RECORDS FOR THE EXERCISE:
━━━━
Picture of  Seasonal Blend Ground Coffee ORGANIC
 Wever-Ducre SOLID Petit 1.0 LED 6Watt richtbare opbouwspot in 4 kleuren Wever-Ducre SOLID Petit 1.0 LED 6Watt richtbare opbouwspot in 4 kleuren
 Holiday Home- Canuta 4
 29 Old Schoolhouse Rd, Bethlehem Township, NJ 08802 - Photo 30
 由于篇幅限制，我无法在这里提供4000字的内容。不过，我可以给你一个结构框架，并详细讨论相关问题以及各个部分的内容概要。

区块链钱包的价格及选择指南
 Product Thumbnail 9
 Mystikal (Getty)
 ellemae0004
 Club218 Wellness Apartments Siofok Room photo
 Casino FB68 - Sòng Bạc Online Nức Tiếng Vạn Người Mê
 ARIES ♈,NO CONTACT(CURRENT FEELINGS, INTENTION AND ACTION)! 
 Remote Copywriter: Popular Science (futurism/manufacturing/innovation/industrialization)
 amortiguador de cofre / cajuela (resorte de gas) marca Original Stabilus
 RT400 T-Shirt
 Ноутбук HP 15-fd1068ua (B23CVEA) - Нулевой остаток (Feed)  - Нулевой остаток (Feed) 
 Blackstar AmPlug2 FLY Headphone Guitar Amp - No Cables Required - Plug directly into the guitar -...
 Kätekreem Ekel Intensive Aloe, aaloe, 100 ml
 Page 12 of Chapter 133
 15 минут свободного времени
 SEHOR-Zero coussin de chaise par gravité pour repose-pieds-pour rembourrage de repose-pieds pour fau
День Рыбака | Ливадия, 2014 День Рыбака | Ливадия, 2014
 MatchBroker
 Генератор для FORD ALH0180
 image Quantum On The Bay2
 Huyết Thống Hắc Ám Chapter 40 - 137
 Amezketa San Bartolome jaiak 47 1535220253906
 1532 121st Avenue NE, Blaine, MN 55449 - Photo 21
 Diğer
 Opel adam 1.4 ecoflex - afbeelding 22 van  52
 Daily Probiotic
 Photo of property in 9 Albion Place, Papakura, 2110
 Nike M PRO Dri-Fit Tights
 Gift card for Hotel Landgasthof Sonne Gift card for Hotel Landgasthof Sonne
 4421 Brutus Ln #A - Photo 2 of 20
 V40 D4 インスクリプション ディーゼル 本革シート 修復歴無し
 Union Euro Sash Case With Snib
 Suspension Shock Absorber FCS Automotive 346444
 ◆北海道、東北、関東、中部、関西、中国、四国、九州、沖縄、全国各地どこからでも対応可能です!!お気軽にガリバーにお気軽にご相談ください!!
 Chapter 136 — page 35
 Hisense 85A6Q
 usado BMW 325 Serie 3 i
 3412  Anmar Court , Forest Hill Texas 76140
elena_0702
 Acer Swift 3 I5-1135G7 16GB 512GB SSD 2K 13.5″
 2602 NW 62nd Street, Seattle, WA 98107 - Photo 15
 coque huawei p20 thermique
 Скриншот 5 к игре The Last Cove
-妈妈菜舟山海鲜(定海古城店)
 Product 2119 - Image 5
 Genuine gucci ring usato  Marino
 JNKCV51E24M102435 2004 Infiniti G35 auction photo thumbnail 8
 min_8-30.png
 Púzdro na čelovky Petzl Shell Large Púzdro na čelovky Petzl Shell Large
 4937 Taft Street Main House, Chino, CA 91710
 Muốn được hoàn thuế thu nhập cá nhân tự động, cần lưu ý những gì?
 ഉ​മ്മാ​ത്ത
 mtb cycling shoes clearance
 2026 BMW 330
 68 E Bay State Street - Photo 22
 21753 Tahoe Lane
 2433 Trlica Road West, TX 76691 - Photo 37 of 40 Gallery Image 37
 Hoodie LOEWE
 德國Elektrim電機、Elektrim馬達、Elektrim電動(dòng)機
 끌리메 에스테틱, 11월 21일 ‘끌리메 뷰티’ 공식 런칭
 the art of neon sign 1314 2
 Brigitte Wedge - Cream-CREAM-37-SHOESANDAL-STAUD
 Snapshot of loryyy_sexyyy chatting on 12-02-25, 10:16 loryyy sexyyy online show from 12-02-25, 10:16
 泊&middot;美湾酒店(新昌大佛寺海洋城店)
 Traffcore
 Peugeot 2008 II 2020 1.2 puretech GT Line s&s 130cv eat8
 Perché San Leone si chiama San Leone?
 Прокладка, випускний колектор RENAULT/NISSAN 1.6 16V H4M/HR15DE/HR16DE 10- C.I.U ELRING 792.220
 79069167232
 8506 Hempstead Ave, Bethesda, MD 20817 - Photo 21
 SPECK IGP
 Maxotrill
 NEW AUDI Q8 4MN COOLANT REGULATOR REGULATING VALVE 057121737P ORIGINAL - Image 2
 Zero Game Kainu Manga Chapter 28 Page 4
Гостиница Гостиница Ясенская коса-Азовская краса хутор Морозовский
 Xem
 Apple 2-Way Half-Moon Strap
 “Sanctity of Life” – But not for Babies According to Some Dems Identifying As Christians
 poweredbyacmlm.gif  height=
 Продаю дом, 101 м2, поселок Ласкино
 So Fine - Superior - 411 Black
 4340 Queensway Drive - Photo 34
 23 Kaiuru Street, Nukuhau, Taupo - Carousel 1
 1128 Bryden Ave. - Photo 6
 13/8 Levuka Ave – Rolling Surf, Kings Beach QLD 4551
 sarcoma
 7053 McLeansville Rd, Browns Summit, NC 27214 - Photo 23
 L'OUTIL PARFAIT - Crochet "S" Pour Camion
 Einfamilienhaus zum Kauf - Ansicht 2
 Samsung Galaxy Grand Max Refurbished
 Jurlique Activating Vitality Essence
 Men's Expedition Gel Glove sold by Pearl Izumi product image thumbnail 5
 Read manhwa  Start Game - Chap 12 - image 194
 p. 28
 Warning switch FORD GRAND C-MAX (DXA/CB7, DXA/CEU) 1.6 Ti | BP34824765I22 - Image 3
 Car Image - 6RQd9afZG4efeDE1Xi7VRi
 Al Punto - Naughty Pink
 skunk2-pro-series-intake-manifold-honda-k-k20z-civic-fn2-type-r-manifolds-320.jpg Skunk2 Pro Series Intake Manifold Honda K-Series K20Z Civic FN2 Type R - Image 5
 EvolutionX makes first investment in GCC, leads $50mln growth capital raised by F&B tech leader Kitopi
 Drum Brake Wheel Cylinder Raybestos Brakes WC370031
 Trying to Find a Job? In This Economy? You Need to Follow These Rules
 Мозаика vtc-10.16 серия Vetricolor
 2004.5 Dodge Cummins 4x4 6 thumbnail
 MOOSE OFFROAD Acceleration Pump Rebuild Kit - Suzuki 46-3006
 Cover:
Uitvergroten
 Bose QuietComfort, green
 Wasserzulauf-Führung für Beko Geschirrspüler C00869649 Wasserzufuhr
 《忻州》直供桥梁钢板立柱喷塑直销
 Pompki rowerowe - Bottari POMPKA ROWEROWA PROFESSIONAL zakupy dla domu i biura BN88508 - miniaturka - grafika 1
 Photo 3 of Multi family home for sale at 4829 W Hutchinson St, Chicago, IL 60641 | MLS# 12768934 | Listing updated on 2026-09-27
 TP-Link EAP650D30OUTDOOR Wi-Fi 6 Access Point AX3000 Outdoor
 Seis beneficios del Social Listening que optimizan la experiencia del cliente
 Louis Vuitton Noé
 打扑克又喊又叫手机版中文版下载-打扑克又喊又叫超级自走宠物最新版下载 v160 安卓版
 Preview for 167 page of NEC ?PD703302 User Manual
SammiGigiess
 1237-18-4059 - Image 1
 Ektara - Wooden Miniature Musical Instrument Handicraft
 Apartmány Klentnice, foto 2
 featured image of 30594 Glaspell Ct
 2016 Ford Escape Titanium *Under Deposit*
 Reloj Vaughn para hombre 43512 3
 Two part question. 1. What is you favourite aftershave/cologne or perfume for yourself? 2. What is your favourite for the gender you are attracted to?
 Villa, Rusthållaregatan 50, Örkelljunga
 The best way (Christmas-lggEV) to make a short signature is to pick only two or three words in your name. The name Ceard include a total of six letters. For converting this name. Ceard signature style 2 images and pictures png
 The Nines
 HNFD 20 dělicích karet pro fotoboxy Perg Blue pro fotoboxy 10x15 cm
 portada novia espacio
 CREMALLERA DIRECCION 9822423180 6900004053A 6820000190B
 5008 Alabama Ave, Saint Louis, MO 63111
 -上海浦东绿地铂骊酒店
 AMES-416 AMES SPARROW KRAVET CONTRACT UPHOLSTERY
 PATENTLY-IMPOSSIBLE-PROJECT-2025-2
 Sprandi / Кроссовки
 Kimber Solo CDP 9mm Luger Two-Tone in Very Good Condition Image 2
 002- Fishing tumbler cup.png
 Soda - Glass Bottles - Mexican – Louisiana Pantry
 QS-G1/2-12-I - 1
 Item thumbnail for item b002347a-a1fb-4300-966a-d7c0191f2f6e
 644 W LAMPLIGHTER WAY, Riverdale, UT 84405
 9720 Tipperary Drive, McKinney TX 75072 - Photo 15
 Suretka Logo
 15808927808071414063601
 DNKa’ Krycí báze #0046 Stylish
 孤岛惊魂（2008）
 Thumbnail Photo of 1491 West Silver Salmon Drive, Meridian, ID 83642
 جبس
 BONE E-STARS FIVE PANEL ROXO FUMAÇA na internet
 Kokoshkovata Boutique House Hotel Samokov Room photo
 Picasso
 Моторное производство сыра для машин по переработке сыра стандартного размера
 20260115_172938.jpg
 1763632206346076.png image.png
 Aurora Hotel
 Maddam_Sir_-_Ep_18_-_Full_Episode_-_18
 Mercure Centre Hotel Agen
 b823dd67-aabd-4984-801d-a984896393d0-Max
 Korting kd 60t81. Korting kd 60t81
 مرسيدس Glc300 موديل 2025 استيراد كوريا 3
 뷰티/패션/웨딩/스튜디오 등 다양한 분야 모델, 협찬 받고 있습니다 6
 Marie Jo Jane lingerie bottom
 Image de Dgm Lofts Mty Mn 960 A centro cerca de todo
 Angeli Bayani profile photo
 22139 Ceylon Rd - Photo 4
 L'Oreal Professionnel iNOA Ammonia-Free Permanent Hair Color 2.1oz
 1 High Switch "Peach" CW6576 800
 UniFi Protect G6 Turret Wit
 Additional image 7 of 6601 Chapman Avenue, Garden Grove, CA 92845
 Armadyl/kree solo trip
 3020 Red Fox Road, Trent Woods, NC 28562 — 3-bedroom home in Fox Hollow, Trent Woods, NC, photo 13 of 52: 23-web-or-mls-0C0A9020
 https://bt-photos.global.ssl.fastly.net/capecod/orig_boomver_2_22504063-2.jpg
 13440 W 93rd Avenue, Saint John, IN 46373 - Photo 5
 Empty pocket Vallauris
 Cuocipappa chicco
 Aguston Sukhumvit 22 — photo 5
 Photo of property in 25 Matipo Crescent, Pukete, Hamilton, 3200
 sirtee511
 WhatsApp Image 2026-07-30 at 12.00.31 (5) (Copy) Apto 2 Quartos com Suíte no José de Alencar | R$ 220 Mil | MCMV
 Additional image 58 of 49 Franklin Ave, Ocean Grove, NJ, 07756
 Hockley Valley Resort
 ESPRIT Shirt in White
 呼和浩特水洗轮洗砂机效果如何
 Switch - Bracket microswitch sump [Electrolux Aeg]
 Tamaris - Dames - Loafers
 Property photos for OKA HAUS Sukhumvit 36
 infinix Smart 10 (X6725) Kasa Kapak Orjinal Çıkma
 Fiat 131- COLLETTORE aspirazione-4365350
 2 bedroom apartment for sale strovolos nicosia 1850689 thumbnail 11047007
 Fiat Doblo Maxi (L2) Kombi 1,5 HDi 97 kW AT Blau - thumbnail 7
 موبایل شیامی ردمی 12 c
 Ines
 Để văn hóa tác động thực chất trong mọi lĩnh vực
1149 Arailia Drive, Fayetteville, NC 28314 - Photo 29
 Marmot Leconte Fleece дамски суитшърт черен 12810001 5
━━━━
ABOUT THIS EXERCISE:
Your answer must consist solely of the lines above between the line holding "the art of neon sign 1314 2" and the line holding "Einfamilienhaus zum Kauf - Ansicht 2", inclusive, copied exactly.

RESPONSE FOR THIS EXERCISE:
 the art of neon sign 1314 2
 Brigitte Wedge - Cream-CREAM-37-SHOESANDAL-STAUD
 Snapshot of loryyy_sexyyy chatting on 12-02-25, 10:16 loryyy sexyyy online show from 12-02-25, 10:16
 泊&middot;美湾酒店(新昌大佛寺海洋城店)
 Traffcore
 Peugeot 2008 II 2020 1.2 puretech GT Line s&s 130cv eat8
 Perché San Leone si chiama San Leone?
 Прокладка, випускний колектор RENAULT/NISSAN 1.6 16V H4M/HR15DE/HR16DE 10- C.I.U ELRING 792.220
 79069167232
 8506 Hempstead Ave, Bethesda, MD 20817 - Photo 21
 SPECK IGP
 Maxotrill
 NEW AUDI Q8 4MN COOLANT REGULATOR REGULATING VALVE 057121737P ORIGINAL - Image 2
 Zero Game Kainu Manga Chapter 28 Page 4
Гостиница Гостиница Ясенская коса-Азовская краса хутор Морозовский
 Xem
 Apple 2-Way Half-Moon Strap
 “Sanctity of Life” – But not for Babies According to Some Dems Identifying As Christians
 poweredbyacmlm.gif  height=
 Продаю дом, 101 м2, поселок Ласкино
 So Fine - Superior - 411 Black
 4340 Queensway Drive - Photo 34
 23 Kaiuru Street, Nukuhau, Taupo - Carousel 1
 1128 Bryden Ave. - Photo 6
 13/8 Levuka Ave – Rolling Surf, Kings Beach QLD 4551
 sarcoma
 7053 McLeansville Rd, Browns Summit, NC 27214 - Photo 23
 L'OUTIL PARFAIT - Crochet "S" Pour Camion
 Einfamilienhaus zum Kauf - Ansicht 2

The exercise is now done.